* TASK STATEMENT: Excluding pictures, reproduce word for word the lines from the one containing "this 240×240 image." through the end of the material below.

* DATASET RECORDS:

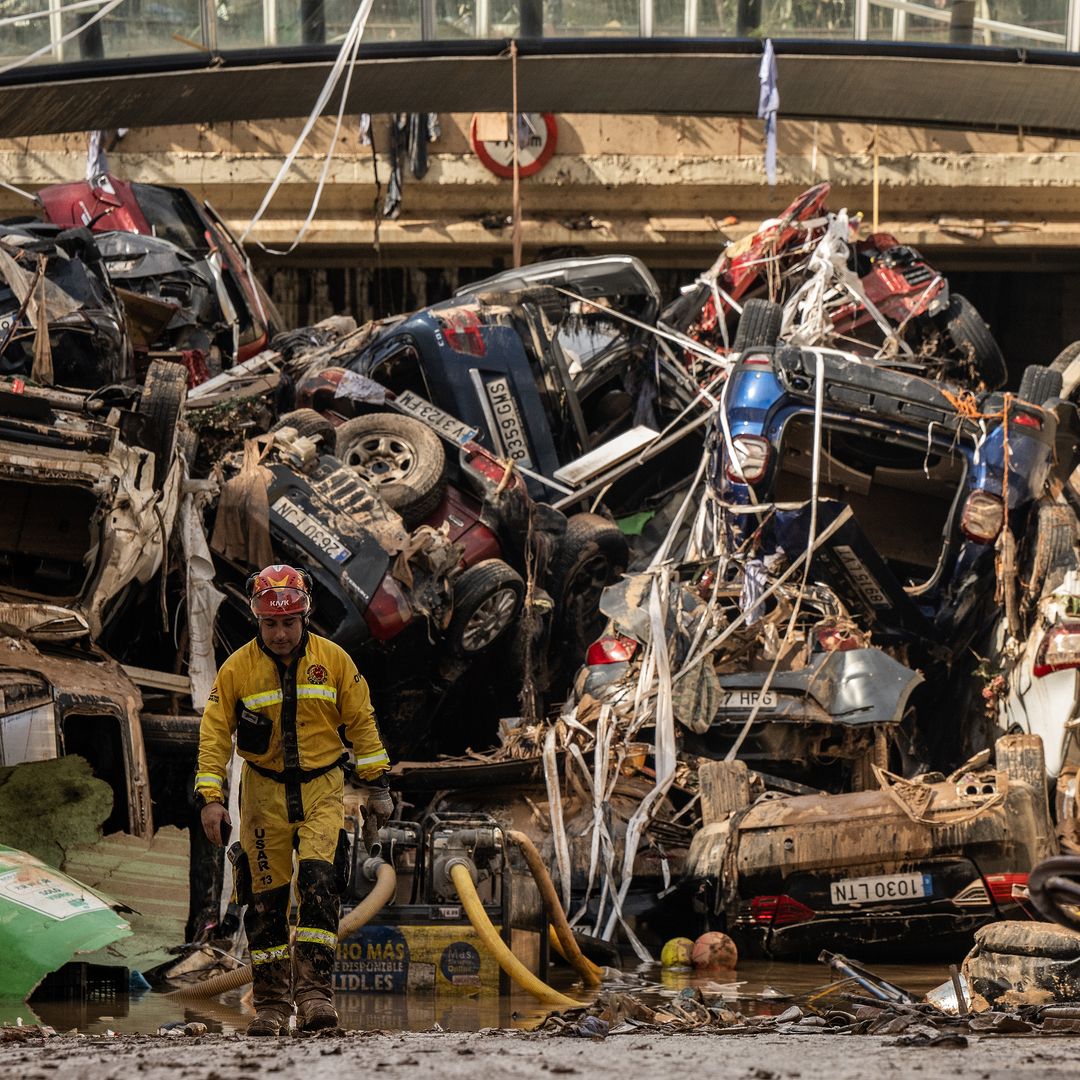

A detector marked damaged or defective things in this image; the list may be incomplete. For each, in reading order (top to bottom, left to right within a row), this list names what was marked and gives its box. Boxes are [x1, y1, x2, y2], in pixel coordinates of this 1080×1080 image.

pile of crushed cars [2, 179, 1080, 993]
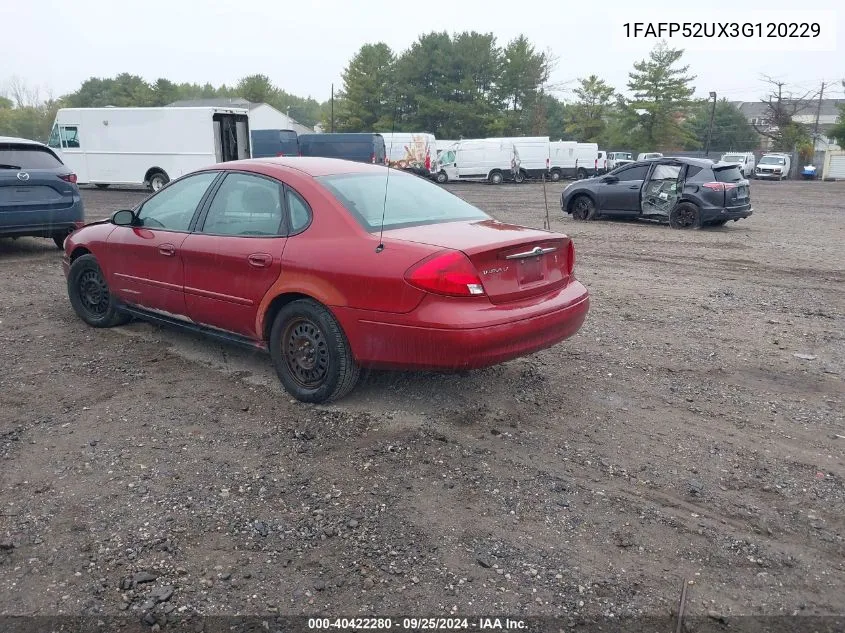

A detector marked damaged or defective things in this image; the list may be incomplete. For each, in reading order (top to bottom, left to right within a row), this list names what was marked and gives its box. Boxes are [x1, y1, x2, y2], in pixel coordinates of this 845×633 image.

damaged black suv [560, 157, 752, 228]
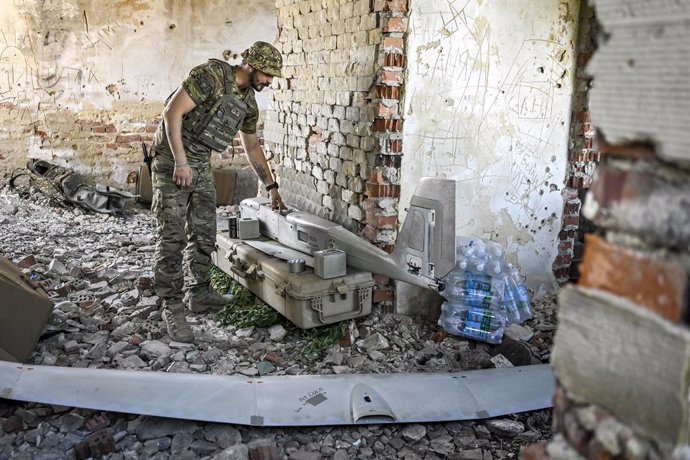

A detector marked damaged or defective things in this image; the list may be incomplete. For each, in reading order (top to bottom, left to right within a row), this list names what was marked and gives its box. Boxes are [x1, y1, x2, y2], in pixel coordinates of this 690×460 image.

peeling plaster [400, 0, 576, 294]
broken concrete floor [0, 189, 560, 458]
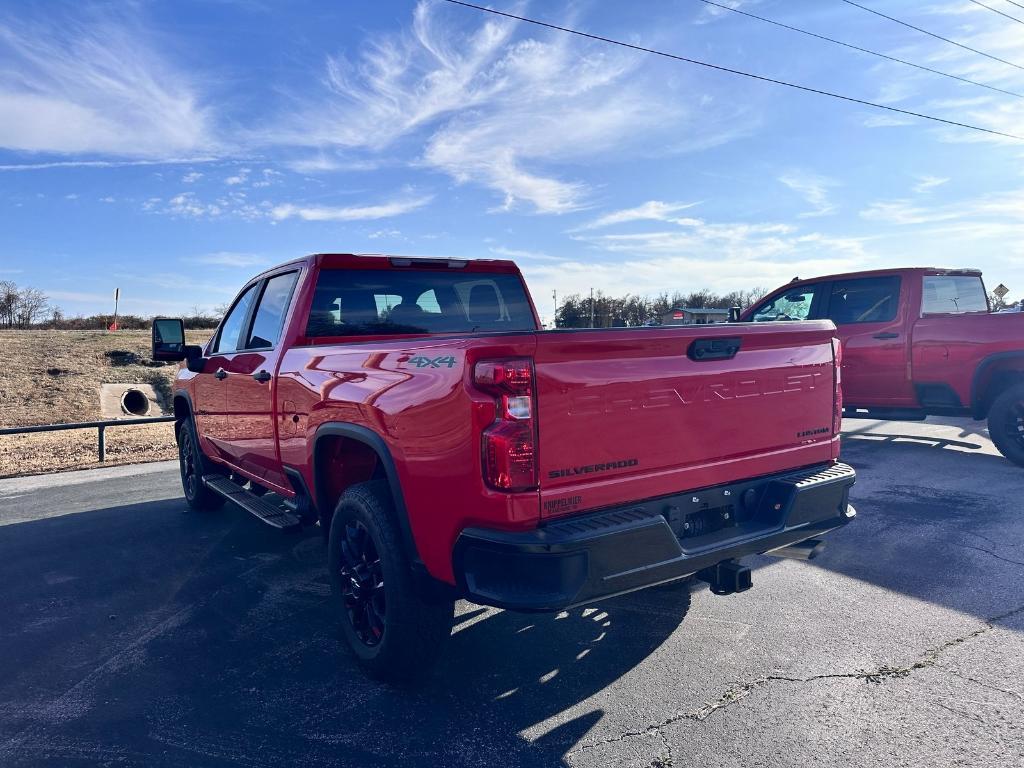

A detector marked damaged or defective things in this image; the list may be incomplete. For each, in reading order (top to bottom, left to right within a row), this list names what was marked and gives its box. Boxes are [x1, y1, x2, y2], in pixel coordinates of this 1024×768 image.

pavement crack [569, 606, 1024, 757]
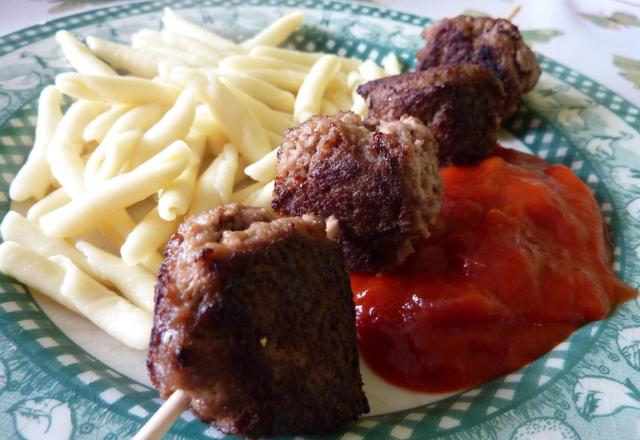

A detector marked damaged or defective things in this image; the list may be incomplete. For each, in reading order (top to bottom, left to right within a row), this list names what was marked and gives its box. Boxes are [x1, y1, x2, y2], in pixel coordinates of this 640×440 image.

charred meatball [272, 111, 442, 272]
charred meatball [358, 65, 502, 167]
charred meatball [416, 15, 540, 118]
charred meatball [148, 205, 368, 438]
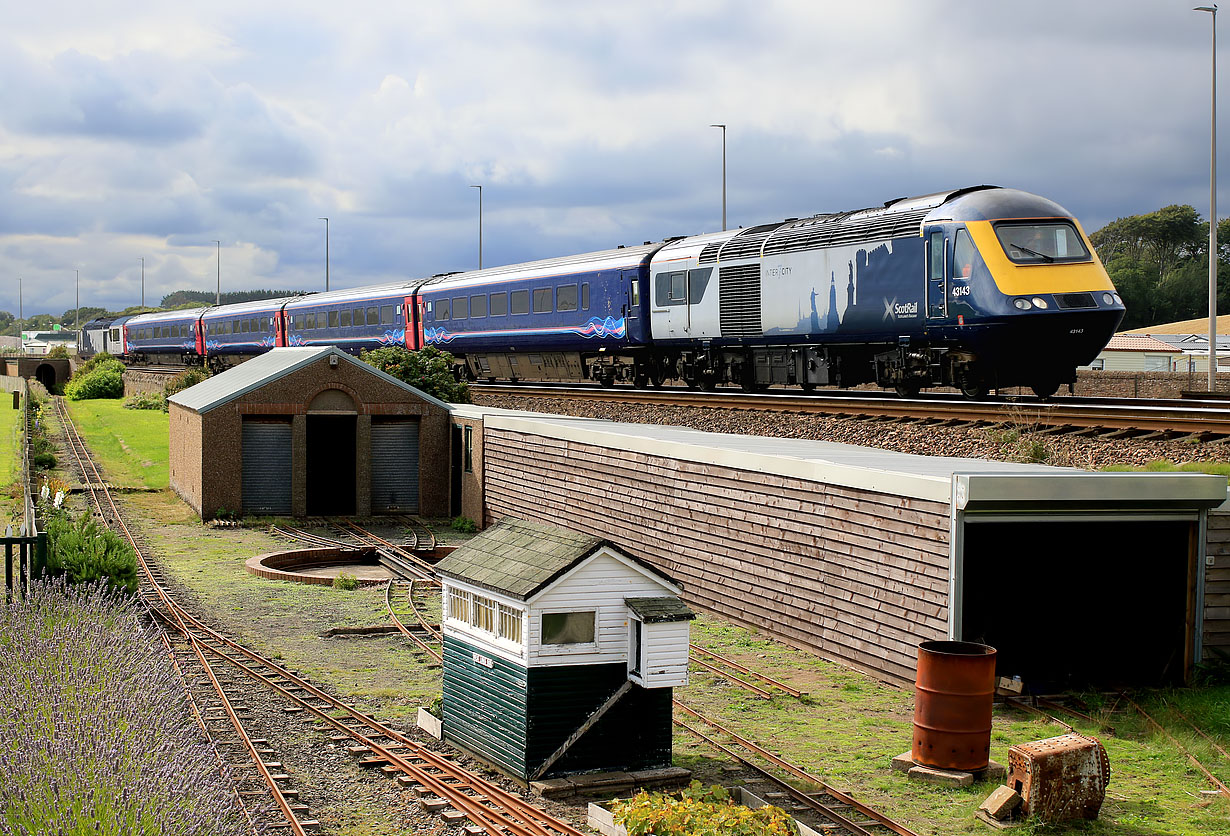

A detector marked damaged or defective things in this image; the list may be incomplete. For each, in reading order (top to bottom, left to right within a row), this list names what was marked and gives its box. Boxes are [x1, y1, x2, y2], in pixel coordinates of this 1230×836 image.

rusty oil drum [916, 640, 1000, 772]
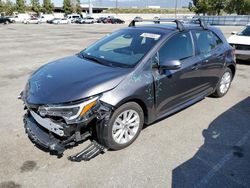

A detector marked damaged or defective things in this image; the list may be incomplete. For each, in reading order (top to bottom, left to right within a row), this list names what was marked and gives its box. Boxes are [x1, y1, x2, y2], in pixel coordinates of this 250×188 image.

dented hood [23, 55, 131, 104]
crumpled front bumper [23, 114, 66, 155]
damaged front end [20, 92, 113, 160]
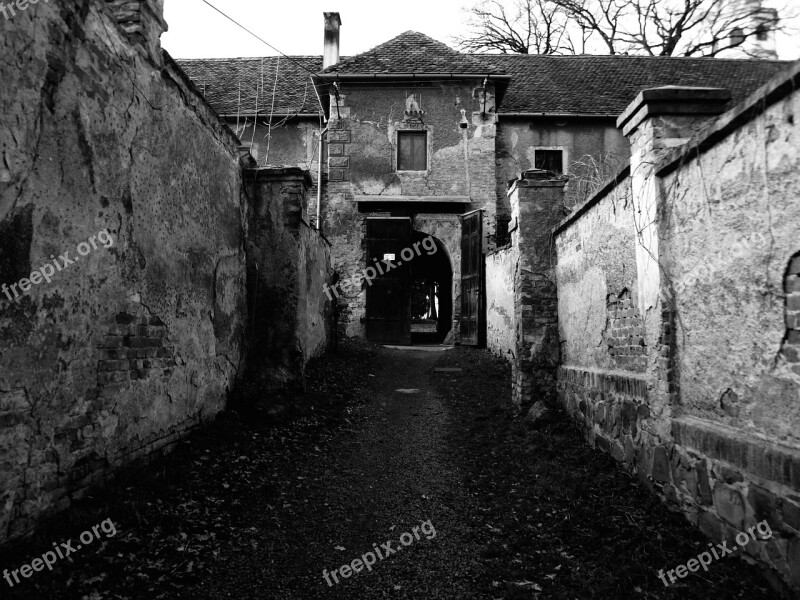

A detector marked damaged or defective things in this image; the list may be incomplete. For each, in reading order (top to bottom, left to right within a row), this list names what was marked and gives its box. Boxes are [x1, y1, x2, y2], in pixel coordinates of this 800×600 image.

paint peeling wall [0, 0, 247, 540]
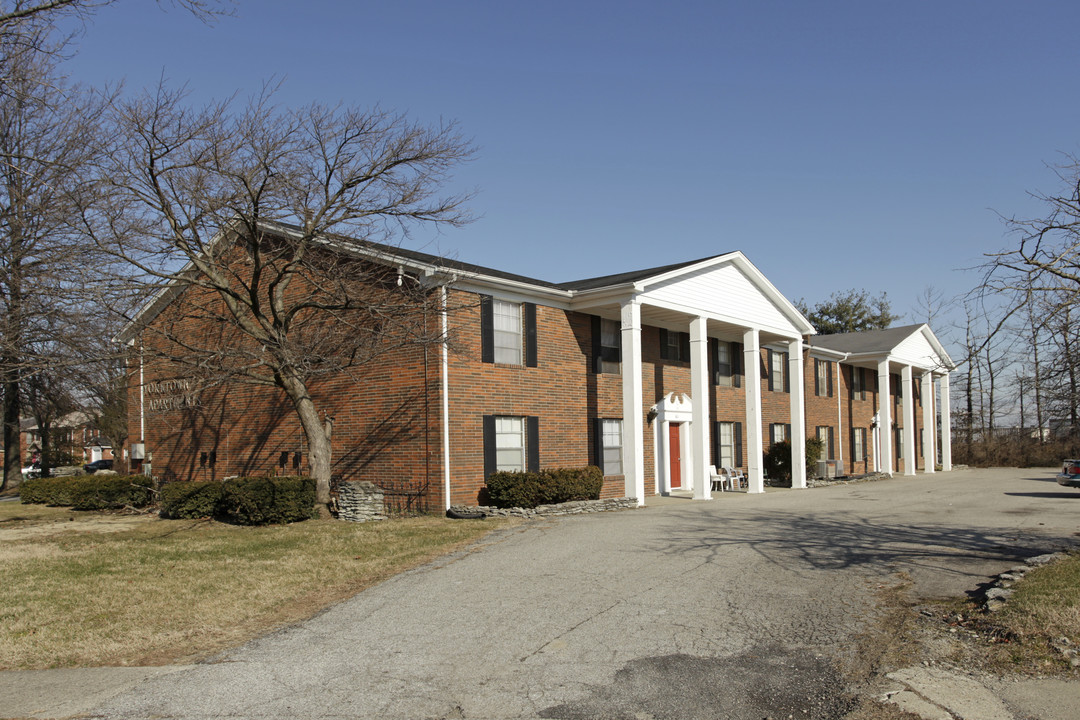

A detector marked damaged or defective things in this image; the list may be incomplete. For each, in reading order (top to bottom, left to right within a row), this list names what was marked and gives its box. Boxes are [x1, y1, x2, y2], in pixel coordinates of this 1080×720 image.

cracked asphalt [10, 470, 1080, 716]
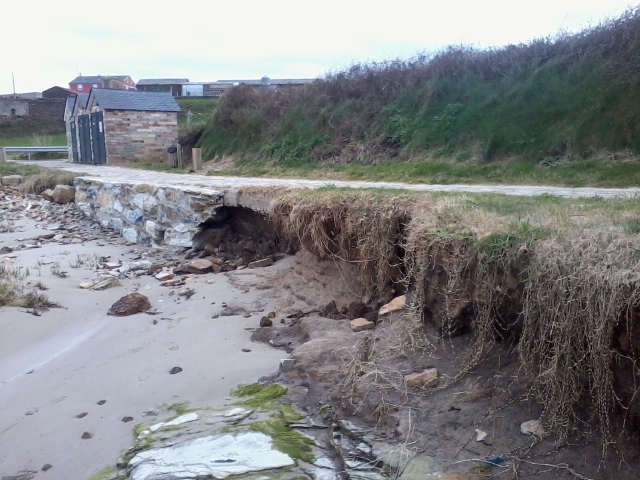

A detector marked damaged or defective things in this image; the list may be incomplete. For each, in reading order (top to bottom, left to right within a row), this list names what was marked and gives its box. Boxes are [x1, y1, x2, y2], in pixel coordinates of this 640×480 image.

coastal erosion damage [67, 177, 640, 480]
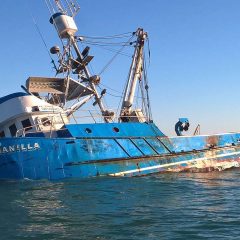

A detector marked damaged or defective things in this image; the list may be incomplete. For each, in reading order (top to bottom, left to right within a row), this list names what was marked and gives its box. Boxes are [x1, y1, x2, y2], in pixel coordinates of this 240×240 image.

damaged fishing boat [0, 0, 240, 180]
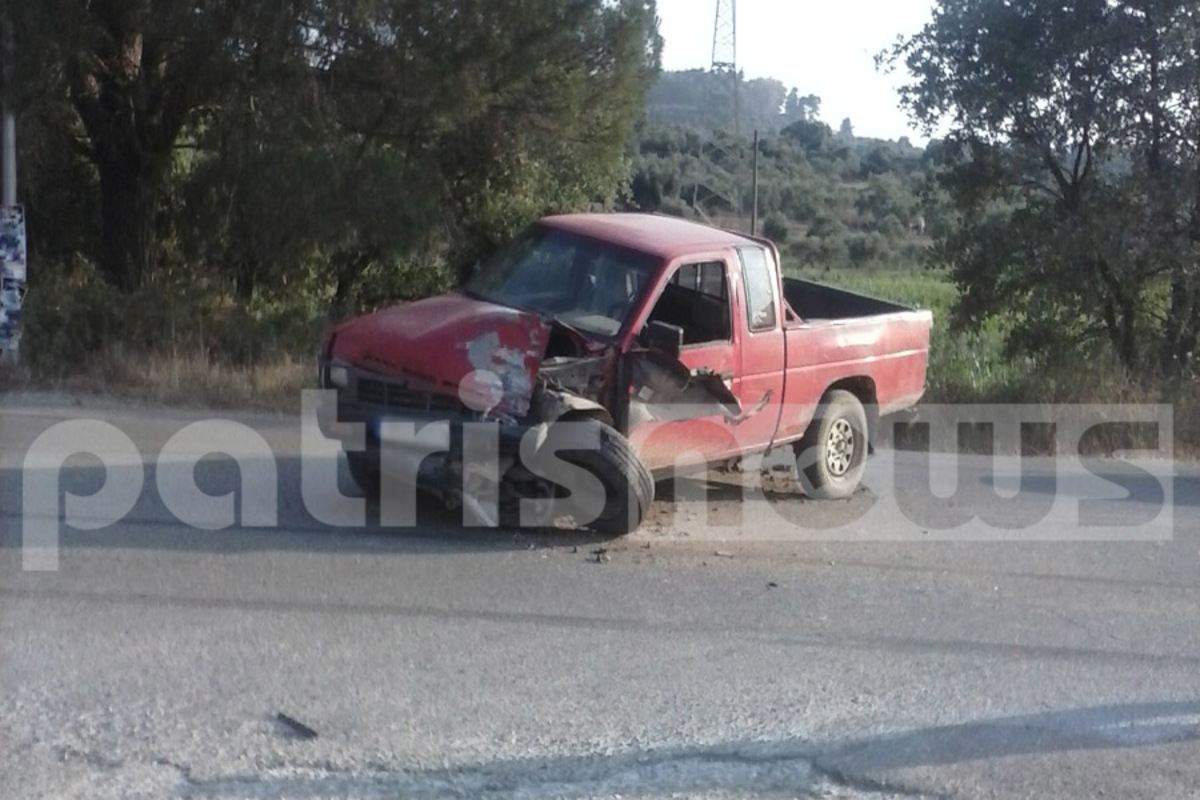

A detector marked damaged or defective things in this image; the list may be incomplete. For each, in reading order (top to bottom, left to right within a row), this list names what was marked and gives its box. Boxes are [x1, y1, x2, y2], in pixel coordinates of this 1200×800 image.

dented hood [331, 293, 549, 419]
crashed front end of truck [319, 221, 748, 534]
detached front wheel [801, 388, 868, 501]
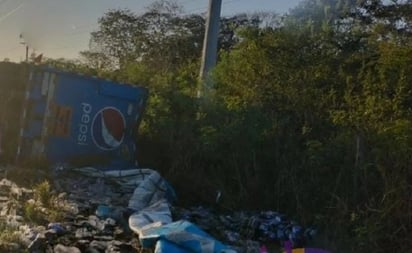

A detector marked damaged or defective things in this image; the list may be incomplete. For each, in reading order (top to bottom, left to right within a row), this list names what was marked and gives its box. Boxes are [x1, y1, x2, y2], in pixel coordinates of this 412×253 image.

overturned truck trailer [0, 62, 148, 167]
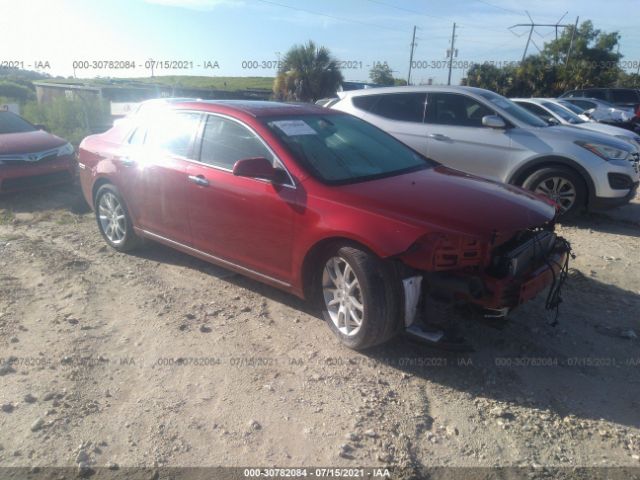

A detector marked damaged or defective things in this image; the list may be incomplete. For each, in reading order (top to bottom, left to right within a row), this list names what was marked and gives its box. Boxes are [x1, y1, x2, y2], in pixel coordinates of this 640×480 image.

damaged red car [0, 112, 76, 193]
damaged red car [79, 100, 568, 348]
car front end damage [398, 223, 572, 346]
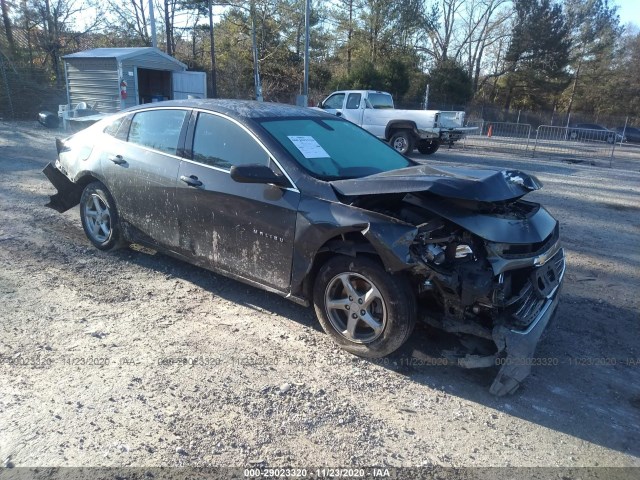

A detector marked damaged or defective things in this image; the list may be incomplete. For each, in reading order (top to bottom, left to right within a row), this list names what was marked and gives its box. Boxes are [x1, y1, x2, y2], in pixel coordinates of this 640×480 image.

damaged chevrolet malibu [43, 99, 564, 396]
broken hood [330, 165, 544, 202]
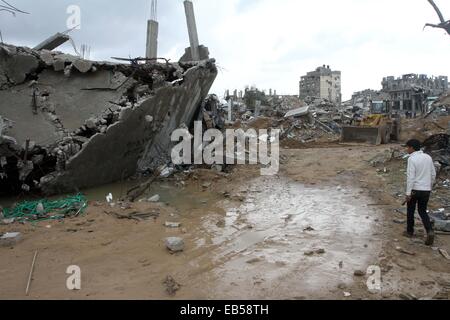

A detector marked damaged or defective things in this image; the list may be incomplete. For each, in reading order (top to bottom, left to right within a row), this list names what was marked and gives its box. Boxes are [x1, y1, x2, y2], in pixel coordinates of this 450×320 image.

* EXERCISE RESULT:
A detector marked damaged or defective things in this image; the list may be incomplete. For each, in reading order (top to bottom, left to right within a row), this list names what was marked and gives its box. Boxes are [x1, y1, x2, y2], in pixel coordinates of this 240×240 image.

damaged fishing boat [0, 0, 240, 180]

A detector marked damaged or defective things in this image; the list may be incomplete. For each, in reading order (top to bottom, left to right within a row), this list names what was marked and gives its box. Boxes are [x1, y1, x2, y2], in pixel coordinates of this 1200×800 image.

dented hood [331, 293, 549, 419]
crashed front end of truck [319, 221, 748, 534]
detached front wheel [801, 388, 868, 501]

A detector marked damaged or defective things in this image; the list may be incomplete. For each, in reading order (top to bottom, left to right within a row), this list names what was marked and gives its box. Boxes are [x1, y1, x2, y2], in pixel coordinates of this 412×253 image.

overturned truck trailer [0, 62, 148, 167]

A detector marked damaged or defective things in this image; the list may be incomplete. For each, in reading order (top to bottom, left to right within a row), this list names what was marked and gives its box. Boxes are [x1, y1, x2, y2], in pixel coordinates of this 640×480 image.

damaged red car [0, 112, 76, 193]
damaged red car [79, 100, 568, 348]
car front end damage [398, 223, 572, 346]

A detector marked damaged or defective things in this image; the list may be incomplete. For each, in reading order (top to bottom, left to right within a row), this list names what was marked and gives its box. Boxes are [x1, y1, x2, y2], in pixel coordinates of this 640×480 image.

damaged chevrolet malibu [43, 99, 564, 396]
broken hood [330, 165, 544, 202]

A detector marked damaged or defective things in this image; the list may be incomplete. For each, in reading order (top to bottom, left to right within a row), this list names what was marked and gives its box. Boxes are [x1, y1, x2, y2], in pixel coordinates of this 450×320 image.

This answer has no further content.